Your current custody order might not already deal with long-distance relocation. If so, it is likely that Utah Code § 30-3- 37 will have an effect on your case. That statute provides what are becoming the default rules for such situations.

When you (or the court) are operating under Utah Code § 30-3- 37, you should keep some things in mind. Our two previous blog posts pointed out and discussed some of these things:

A parent’s long distance relocation can result in a change of custody. Parents wanting to relocate need to do it correctly so as to avoid unnecessary trouble and a bad outcome. Long-distance relocation can be a good opportunity for a noncustodial parent to gain custody. The legal process under Utah Code § 30-3- 37 will move quickly. You need to be well prepared if you are facing proceedings under Utah Code § 30-3- 37.

Failure to properly prepare for a hearing under Utah Code § 30-3- 37 can lead to an adverse result. Moreover, even a well-prepared and deserving parent may face a bad result at the hearing before the domestic commissioner. This blog post discusses what happens if you dispute the commissioner’s decision. Additionally, this blog post briefly discusses options after an adverse decision from a judge.

Unhappy Parents Can File an Objection to a Commissioner’s Decision Regarding Relocation

If you go to a relocation hearing and the domestic commissioner rules against you, you still have a chance to object. In Utah, domestic commissioners are not judges, and their “orders” are only recommendations. A recommendation is a court order unless/until a judge changes it. Unhappy

litigants have fourteen days from the recommendation to object and ask the judge to change the court’s order.

The ability to object to the commissioner’s recommendation is a second chance for a better decision from a judge. But, it is not necessarily a second chance to present a better case than you did to the commissioner. Rule 108 of the Utah Rules of Civil Procedure sets limits on objections.

It bars you from bringing the judge information you did not offer to the commissioner. This means you must do your best before the commissioner. If you are planning on initiating the relocation process or are facing a hearing, consider hiring an attorney to help.
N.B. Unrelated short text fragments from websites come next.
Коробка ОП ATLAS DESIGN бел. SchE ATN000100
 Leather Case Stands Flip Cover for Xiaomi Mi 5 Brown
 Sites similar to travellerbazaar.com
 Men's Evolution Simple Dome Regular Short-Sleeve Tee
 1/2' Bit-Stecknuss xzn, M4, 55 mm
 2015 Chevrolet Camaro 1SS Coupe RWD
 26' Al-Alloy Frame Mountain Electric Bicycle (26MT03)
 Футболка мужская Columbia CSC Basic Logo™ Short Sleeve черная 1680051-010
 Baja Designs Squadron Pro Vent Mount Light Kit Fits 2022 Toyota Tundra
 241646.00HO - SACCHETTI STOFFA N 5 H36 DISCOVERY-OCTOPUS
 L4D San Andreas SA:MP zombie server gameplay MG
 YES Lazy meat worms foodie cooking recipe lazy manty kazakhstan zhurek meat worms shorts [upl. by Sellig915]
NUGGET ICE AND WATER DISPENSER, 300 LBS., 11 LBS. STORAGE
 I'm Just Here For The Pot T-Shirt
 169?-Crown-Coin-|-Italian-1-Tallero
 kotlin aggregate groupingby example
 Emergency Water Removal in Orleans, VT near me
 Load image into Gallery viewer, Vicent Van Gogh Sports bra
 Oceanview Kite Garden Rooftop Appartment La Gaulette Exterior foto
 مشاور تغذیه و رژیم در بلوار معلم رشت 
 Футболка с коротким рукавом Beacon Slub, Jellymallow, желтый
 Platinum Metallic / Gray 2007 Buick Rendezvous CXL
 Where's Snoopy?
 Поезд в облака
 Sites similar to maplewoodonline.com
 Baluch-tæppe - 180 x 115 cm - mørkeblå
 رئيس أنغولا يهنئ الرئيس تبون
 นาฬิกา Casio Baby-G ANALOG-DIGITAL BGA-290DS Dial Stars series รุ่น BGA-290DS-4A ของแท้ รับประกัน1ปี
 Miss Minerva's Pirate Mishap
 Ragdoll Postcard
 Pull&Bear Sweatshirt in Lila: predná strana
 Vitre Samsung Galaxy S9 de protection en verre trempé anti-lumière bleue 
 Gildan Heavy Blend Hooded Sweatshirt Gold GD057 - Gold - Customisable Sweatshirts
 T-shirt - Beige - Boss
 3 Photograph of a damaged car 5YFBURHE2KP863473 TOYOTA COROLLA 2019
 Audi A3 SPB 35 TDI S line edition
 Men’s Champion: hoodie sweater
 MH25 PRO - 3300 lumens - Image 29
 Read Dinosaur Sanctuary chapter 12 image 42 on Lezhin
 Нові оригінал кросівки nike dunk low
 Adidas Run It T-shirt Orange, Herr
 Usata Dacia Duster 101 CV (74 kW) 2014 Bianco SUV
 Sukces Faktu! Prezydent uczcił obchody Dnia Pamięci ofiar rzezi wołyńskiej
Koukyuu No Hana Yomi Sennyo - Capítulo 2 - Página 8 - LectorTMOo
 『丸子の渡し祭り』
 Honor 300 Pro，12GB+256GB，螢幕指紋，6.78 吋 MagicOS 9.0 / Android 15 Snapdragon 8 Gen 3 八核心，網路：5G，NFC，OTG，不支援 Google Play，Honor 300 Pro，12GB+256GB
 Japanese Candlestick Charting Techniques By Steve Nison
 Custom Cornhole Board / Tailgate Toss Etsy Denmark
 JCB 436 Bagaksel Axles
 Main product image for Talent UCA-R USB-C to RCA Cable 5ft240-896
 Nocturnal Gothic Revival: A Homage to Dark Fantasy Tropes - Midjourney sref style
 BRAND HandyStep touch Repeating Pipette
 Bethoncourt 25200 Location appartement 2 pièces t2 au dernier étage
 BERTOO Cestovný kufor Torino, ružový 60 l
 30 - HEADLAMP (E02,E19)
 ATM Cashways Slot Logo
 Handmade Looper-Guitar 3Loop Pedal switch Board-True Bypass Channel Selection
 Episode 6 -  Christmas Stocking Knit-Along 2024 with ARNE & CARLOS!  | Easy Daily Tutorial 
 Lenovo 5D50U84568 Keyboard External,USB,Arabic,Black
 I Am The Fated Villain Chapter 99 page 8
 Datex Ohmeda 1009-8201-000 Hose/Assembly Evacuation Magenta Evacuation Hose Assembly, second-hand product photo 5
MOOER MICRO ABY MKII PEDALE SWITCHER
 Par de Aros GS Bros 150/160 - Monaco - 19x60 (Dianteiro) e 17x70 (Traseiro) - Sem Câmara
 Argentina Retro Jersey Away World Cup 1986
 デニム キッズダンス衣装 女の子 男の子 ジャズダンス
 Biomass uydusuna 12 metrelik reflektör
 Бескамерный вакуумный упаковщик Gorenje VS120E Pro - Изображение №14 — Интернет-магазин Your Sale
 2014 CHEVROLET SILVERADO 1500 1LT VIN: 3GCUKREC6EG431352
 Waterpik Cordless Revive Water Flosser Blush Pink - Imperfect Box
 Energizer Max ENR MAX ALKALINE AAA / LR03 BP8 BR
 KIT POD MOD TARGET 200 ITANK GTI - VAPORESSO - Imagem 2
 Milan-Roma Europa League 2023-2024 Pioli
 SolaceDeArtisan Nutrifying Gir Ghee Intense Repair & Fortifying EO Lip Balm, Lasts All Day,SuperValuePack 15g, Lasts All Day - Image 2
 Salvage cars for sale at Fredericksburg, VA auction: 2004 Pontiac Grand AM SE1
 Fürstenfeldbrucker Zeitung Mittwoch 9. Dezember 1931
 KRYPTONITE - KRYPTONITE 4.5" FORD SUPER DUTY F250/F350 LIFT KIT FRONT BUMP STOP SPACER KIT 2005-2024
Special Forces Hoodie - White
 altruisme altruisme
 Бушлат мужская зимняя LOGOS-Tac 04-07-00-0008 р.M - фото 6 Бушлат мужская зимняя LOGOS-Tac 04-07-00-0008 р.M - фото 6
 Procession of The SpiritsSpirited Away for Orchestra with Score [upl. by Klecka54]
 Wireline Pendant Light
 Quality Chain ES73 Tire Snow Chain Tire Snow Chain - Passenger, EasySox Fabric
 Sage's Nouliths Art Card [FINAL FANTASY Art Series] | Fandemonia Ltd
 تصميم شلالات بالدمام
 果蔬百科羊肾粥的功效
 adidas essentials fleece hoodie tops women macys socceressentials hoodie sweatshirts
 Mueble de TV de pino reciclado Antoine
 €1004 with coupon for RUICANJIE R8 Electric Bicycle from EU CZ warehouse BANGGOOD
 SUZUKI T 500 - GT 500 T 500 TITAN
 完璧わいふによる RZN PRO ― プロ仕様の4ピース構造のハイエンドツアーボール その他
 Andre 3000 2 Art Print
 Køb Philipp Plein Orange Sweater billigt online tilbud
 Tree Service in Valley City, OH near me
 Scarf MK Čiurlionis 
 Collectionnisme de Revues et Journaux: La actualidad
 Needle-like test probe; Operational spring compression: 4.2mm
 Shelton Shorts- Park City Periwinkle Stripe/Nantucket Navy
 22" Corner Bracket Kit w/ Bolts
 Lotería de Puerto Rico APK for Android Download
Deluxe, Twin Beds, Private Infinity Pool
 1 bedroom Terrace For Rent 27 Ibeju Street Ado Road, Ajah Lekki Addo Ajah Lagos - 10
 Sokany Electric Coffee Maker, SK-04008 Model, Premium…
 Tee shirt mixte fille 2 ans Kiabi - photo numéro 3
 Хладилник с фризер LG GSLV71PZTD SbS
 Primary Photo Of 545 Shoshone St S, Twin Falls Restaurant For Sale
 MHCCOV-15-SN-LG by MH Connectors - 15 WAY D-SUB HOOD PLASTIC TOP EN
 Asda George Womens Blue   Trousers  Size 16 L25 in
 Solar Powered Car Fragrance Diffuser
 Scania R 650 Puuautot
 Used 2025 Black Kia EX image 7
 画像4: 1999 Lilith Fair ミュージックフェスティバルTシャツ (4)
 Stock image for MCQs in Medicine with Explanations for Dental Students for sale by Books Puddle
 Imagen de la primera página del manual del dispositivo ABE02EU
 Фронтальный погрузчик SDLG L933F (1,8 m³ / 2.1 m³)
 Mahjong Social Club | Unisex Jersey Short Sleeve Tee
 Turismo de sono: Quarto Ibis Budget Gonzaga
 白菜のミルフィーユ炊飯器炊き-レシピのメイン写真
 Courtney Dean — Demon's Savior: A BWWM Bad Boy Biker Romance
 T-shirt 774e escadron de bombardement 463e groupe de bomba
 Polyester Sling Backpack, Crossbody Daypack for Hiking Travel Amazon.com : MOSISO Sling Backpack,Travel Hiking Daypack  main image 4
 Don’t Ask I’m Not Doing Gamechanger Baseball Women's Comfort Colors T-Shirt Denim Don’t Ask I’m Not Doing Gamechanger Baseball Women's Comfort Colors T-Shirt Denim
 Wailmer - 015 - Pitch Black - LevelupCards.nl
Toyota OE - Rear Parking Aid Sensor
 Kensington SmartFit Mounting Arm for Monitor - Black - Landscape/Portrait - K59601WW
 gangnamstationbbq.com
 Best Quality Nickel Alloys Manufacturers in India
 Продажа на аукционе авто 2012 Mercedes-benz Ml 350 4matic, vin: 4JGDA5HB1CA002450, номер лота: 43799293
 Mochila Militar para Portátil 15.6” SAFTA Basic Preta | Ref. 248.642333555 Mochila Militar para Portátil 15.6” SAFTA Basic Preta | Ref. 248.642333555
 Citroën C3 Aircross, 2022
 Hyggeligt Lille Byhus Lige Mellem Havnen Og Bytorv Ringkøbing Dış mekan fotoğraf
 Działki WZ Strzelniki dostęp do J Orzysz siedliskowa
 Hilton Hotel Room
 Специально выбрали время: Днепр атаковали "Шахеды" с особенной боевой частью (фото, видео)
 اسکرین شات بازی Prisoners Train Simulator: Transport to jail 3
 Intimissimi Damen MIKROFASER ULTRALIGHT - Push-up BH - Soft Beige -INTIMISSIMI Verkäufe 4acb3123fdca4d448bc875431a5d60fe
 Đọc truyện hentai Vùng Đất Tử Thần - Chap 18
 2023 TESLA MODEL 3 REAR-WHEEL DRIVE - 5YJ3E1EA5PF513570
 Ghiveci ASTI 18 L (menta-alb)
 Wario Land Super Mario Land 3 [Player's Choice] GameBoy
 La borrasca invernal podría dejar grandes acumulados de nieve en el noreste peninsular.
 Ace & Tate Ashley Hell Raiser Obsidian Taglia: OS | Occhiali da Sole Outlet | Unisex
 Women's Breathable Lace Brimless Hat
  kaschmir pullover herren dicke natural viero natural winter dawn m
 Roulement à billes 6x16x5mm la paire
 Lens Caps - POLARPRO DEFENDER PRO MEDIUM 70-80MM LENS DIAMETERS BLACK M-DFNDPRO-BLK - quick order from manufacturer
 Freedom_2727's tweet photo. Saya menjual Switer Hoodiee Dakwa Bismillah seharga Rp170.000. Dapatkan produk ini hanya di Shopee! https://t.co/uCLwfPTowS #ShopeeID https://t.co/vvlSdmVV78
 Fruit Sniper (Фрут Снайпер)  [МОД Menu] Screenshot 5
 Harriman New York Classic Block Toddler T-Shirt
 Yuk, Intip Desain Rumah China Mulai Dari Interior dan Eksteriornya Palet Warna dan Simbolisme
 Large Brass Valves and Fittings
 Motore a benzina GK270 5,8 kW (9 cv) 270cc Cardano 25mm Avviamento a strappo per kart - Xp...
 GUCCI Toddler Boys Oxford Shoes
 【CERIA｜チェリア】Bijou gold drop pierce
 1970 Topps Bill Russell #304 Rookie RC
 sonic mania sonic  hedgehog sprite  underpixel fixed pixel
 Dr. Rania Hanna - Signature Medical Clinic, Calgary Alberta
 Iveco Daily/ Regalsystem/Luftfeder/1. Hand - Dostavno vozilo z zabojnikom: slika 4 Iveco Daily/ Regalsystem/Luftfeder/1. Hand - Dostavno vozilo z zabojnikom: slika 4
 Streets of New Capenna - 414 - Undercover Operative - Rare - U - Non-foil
Regardless of whether you have counsel or not, the judge also may make a bad decision.

Unhappy Parents Can File an Appeal to a Judge’s Decision Regarding Relocation

Judges can make wrong decisions, too. If your objection to the commissioner’s recommendation is unsuccessful, you can appeal to a higher court. Alternatively, if you win in front of the commissioner but lose in front of the judge, you may want to appeal to a higher court.

An appeal is different from what you encounter at the trial level and much more complicated. It can be difficult to prevail on appeal in custody cases. Appellate judges look at transcripts and written documents. There are appellate rules that prevent appellate judges from reversing a lower court unless there is a clear error or abuse of discretion. If you are interested in an appeal, you should consult an attorney about your chances on appeal and consider hiring an attorney to write the appeal for you. If successful on appeal, the original judge will either have to order the result you desire or hold another hearing and eliminate any prior mistakes.